The contract here was not renegotiated on a basis of segregated fiscal years, and under the Secretary’s determination the excessive profits are not segregable for allocation between the fiscal calendar years 1942 and 1943. The fact is, however, that the contract was completely performed, the renegotiation by the Secretary completed, and the determination of excessive profits made within the period of time within which the Secretary could validly make such determination under the 1942 Act. Embraced in that period was the fiscal calendar year 1942. The determination of excessive profits was, therefore, with respect to a fiscal year ending before July 1, 1943, but not exclusively so. ' The fact that the determination was an un-segregable entirety on the basis of a completed contract performance covering not only a fiscal year ending before July 1, 1943, but also a part of the fiscal year ending after that date, does not, in our opinion, deprive the petitioner of the right under specific statutory authority to a redetermination by this Court with respect to a fiscal year ending before July 1, 1943, even though such redetermination must, under the circumstances of the instant case, be an unsegregable entirety made on the basis of a completed contract, the performance of which covered an additional period within the succeeding fiscal year. We so hold.
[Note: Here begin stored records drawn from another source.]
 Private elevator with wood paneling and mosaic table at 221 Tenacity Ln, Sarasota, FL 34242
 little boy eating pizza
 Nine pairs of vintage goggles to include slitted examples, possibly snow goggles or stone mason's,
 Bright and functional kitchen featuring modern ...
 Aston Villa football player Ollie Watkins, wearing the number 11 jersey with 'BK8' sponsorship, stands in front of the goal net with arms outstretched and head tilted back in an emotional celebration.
This holding is fortified by the apparent purpose and intent of the Congress, in enacting the Renegotiation Act of 1943, to give the right to a redetermination by this Court in all cases of a unilateral determination of excessive profits either under the Renegotiation Act of 1942 or 1943.
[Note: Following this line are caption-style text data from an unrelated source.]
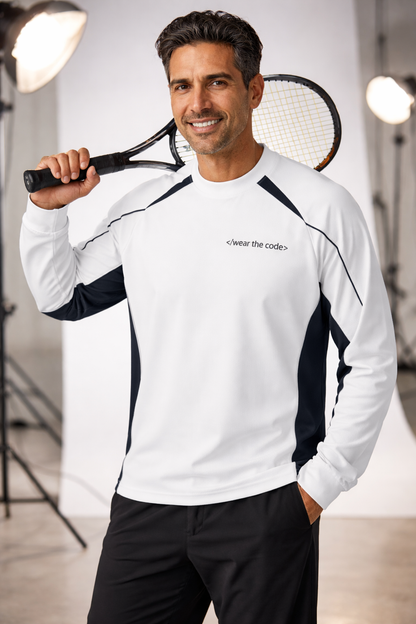 Man holding a tennis racket wearing a white and black athletic outfit with a visible brand logo.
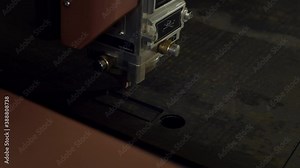 Laser cutting of metal. An industrial machine with a powerful luminous beam cuts a thick sheet of metal. Metalworking at the plant. CNC laser machine for cutting metal plate on industrial manufacture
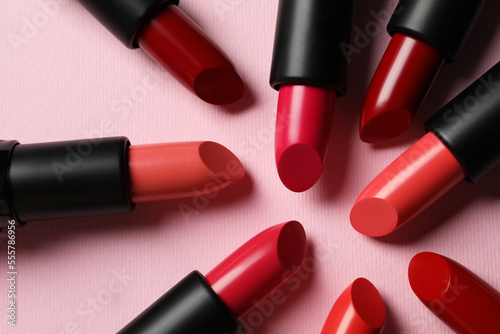 Many bright lipsticks on pink background  flat lay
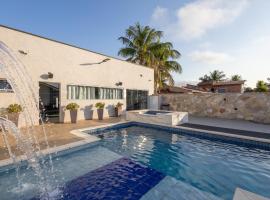 Casa Morada Da Praia, Paraiso em Bertioga - Condomínio à beira mar, khách sạn ở Bertioga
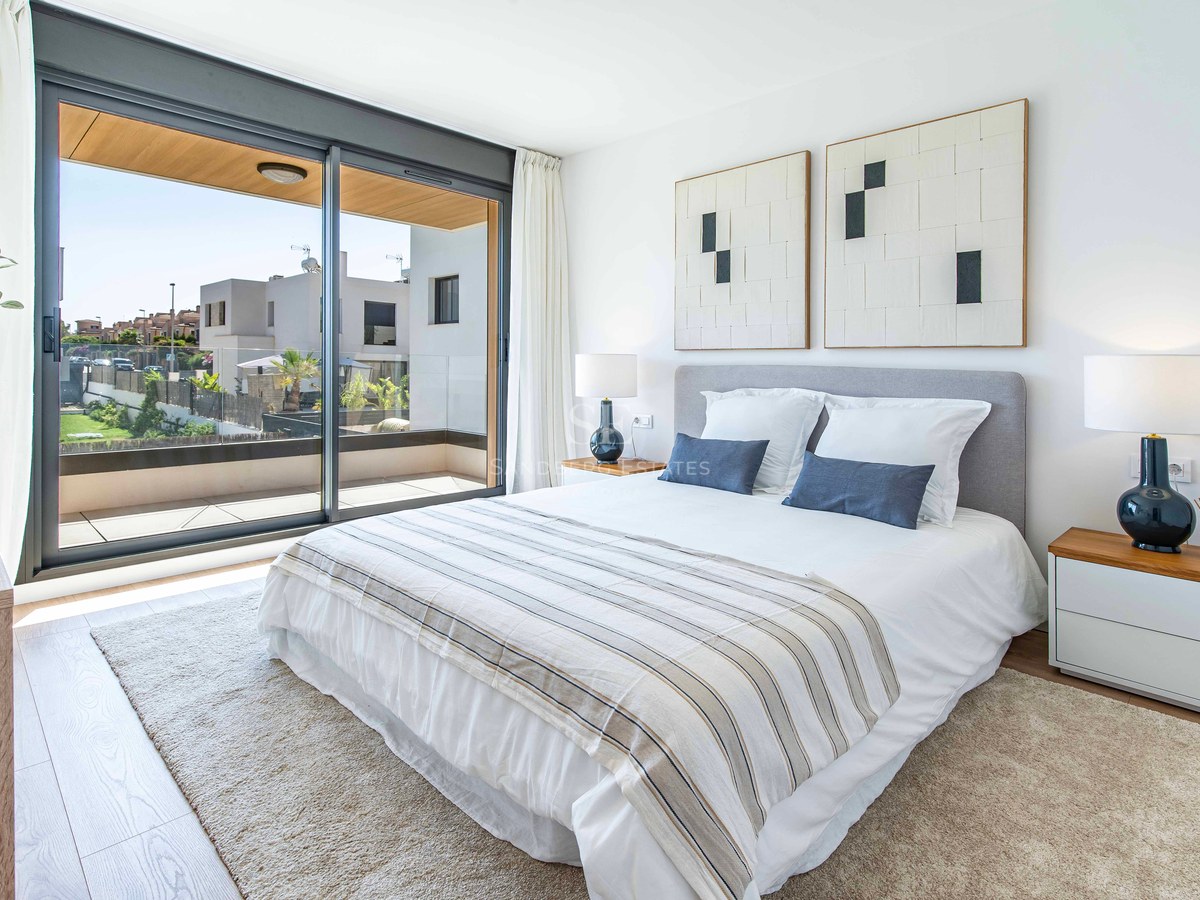 Helles, modernes Hauptschlafzimmer mit großem Doppelbett, neutralen Tönen und Glasschiebetüren zur Terrasse.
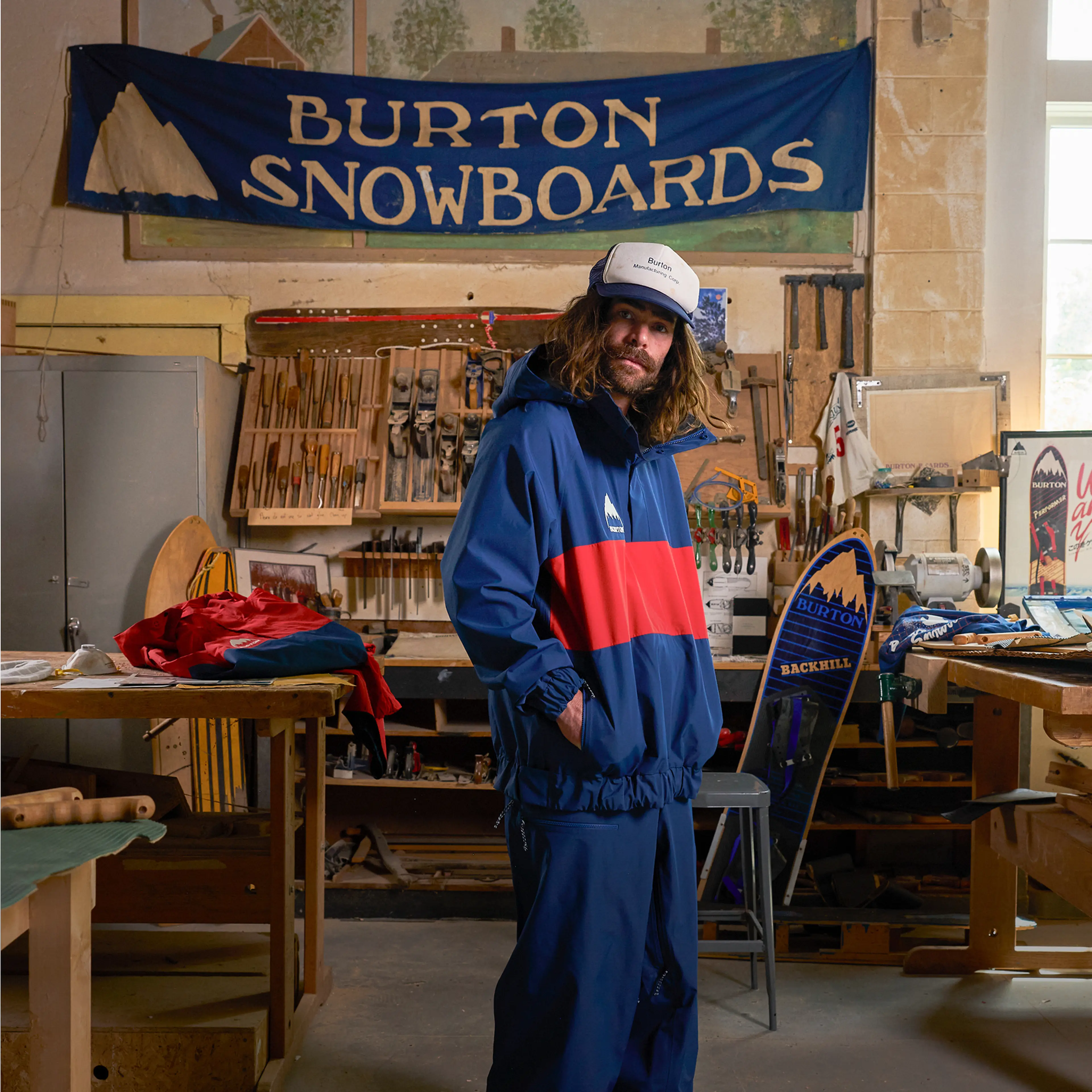 A person in a blue and red jacket stands in a workshop, surrounded by tools and snowboards, under a "Burton Snowboards" banner.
Under the Renegotiation Act of 1942 no right of appeal or review for redetermination of the excessive profits determined by the Secretary was provided. This was a source of considerable complaint from contractors and subcontractors whose contracts fell within the purview of that Act. For example, in the hearings before the Committee of Naval Affairs, H. R., 1st Session, pursuant to H. Res. 30, vol. 2, p. 1254, June 10-30,1943, the following is stated:
The Renegotiation law is unfair in that it does not give the contractor any right of appeal from the determinations of the contracting Department. The decisions of the Department can not be reviewed by the courts, and so the Departments are complainant, prosecutor, witness, judge, and jury.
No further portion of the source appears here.